Поеми, свързани с „Нарн и хин Хурин”
The high summer
waned to autumn, and western gales
the leaves loosened from labouring boughs.
The feet of the forest in fading gold
and burnished brown were buried deeply;
a restless rustle down the roofless aisles
sighed and whispered. The Silver Wherry,
the sailing moon with slender mas
was filled with fires as of furnace hot;
its hold hoarded the heats of summer,
its shrouds were shaped of shining flame
uprising ruddy o’er the rim of Evening
by the misty wharves on the margin of the world.

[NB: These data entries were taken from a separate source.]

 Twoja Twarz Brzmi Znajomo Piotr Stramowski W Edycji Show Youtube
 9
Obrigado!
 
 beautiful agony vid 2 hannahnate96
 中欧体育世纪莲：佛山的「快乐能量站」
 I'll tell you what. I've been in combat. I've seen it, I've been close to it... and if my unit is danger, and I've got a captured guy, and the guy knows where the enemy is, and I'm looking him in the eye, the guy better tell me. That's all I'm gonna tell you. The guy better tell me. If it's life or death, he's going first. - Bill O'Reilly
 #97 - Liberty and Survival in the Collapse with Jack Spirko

Then winter hastened and weathers hardened,
and sleet and snow and slanting rain
from glowering heaven, grey and sunless,
whistling whiplash whirled by tempest,
the lands forlorn lashed and tortured:
floods were loosened, the fallow waters
sweeping seaward, swollen, angry,
filled with flotsam, foaming, turbid
passed in tumult. The tempest failed:
frost descended from the far mountains,
steel-cold and still. Stony-glinting
icehung evening was opened wide,
a dome of crystal over deep silence,
the windless wastes, the woods standing
frozen phantoms under flickering stars.
Winter comes to Nargothrond
The summer slowly in the sad forest
waned and faded. In the west arose
winds that wandered over warring seas.
Leaves were loosened from labouring boughs:
fallow-gold they fell, and the feet buried
of trees standing tall and naked,
rustling restlessly down roofless aisles,
shifting and drifting.
The shining vessel
of the sailing moon with slender mast,
with shrouds shapen of shimmering flame,
uprose ruddy on the rim of Evening
by the misty wharves on the margin of the world.

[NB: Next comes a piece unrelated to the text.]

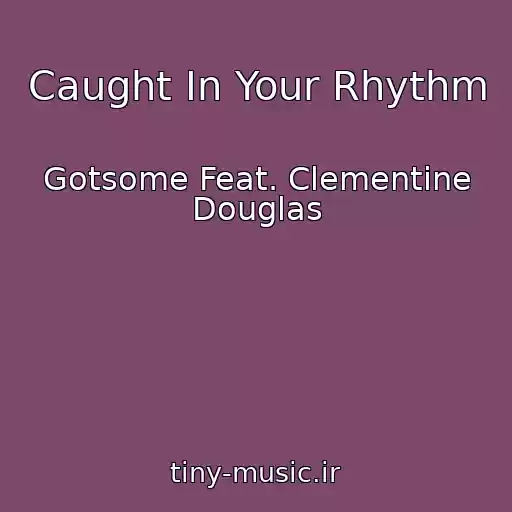 کاور آهنگ Caught In Your Rhythm از Gotsome Feat. Clementine Douglas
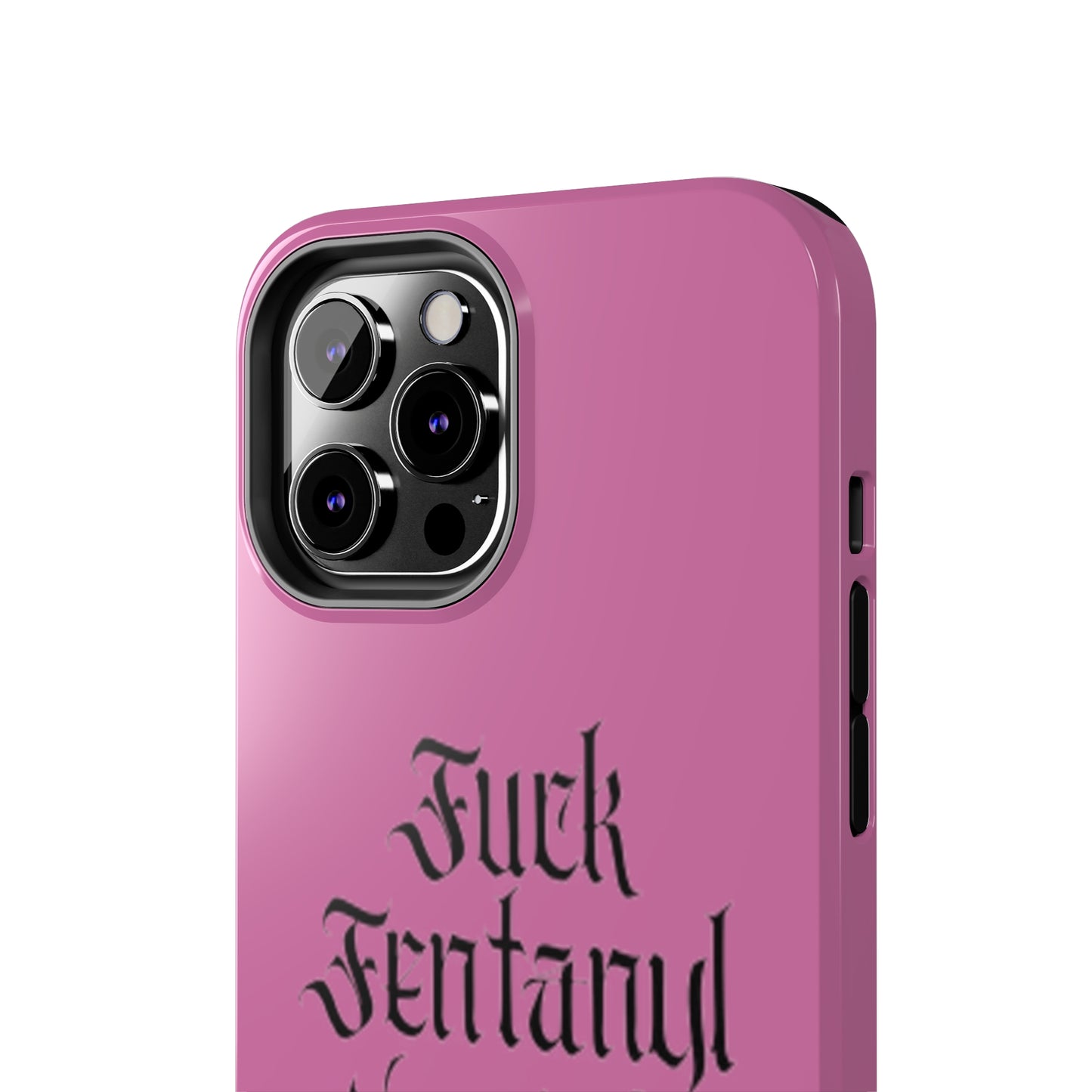 Fuck Fentanyl Dealers- Tough Phone Case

With winding horns winter hunted
in the weeping woods, wild and ruthless;
sleet came slashing, and slanting hail
from glowering heaven grey and sunless,
whistling whiplash whirled by tempest.
The floods were freed and fallow waters
sweeping seaward, swollen, angry,
filled with flotsam, foaming, turbid,
passed in tumult. The tempest died.
Frost descended from far mountains
steel-cold and still. Stony-glinting
icehung evening was opened wide,
a dome of crystal over deep silence,
over windless wastes and woods standing
as frozen phantoms under flickering stars.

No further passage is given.